* What you will do *
For the material below, count each line where the string "Jeep" appears, then return the total alone.

>>

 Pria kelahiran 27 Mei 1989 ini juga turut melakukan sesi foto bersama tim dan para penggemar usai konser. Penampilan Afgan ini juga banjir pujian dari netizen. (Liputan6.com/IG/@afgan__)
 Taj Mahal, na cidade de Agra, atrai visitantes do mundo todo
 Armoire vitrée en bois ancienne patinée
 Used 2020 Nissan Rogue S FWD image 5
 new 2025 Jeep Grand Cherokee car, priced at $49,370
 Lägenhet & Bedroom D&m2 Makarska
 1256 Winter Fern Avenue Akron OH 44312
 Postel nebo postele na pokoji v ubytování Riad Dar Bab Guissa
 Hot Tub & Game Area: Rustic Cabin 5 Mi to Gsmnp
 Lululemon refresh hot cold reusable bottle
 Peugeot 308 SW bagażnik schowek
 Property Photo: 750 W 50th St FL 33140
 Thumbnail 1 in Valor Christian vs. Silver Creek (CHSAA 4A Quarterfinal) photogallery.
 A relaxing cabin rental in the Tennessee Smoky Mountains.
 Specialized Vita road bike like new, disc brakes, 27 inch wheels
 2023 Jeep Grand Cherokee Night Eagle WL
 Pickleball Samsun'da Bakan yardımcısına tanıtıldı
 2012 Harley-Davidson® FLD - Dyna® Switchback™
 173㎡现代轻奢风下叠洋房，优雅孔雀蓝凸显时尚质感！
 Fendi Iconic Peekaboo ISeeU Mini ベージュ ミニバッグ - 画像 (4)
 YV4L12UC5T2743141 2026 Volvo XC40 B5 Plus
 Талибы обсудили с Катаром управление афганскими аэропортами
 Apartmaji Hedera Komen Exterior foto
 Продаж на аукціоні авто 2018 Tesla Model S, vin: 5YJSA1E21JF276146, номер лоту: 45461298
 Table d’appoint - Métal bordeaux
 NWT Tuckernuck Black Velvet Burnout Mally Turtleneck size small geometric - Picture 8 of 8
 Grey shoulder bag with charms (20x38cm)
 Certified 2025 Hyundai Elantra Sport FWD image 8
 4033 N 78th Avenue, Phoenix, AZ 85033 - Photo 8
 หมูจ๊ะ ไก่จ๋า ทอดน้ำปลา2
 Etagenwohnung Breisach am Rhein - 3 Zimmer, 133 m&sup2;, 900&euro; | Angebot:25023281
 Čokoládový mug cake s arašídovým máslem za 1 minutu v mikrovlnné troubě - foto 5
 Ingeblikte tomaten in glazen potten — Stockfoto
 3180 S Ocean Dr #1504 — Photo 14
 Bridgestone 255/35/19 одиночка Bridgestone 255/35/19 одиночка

<<

* Your response *
2